● **SOURCE MATERIAL**:
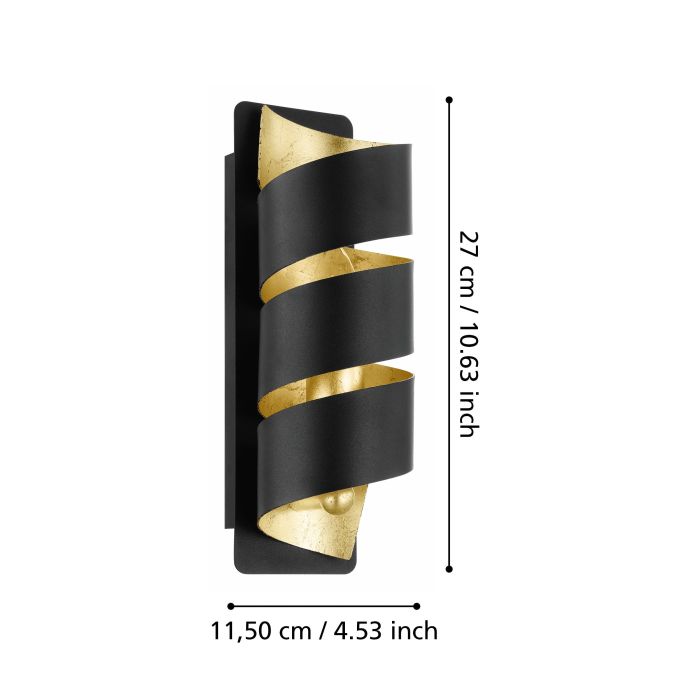 Carregue imagem no visualizador da galeriaAplique de Parede em Espiral Preto com Interior Dourado ELIZONDO EGLO
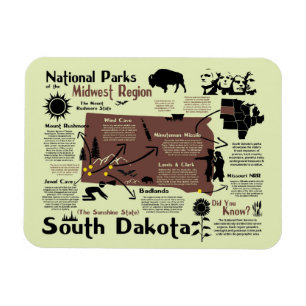 Karte der Nationalparks von South Dakota Magnet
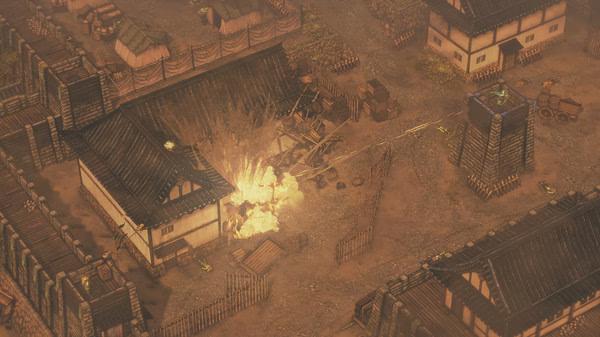 Screenshot from Shadow Tactics: Blades of the Shogun showing an explosive blast in a Japanese village surrounded by wooden structures.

● **PROBLEM**: Print the material word for word without images.

● **REPLY**:
 Carregue imagem no visualizador da galeriaAplique de Parede em Espiral Preto com Interior Dourado ELIZONDO EGLO
 Karte der Nationalparks von South Dakota Magnet
 Screenshot from Shadow Tactics: Blades of the Shogun showing an explosive blast in a Japanese village surrounded by wooden structures.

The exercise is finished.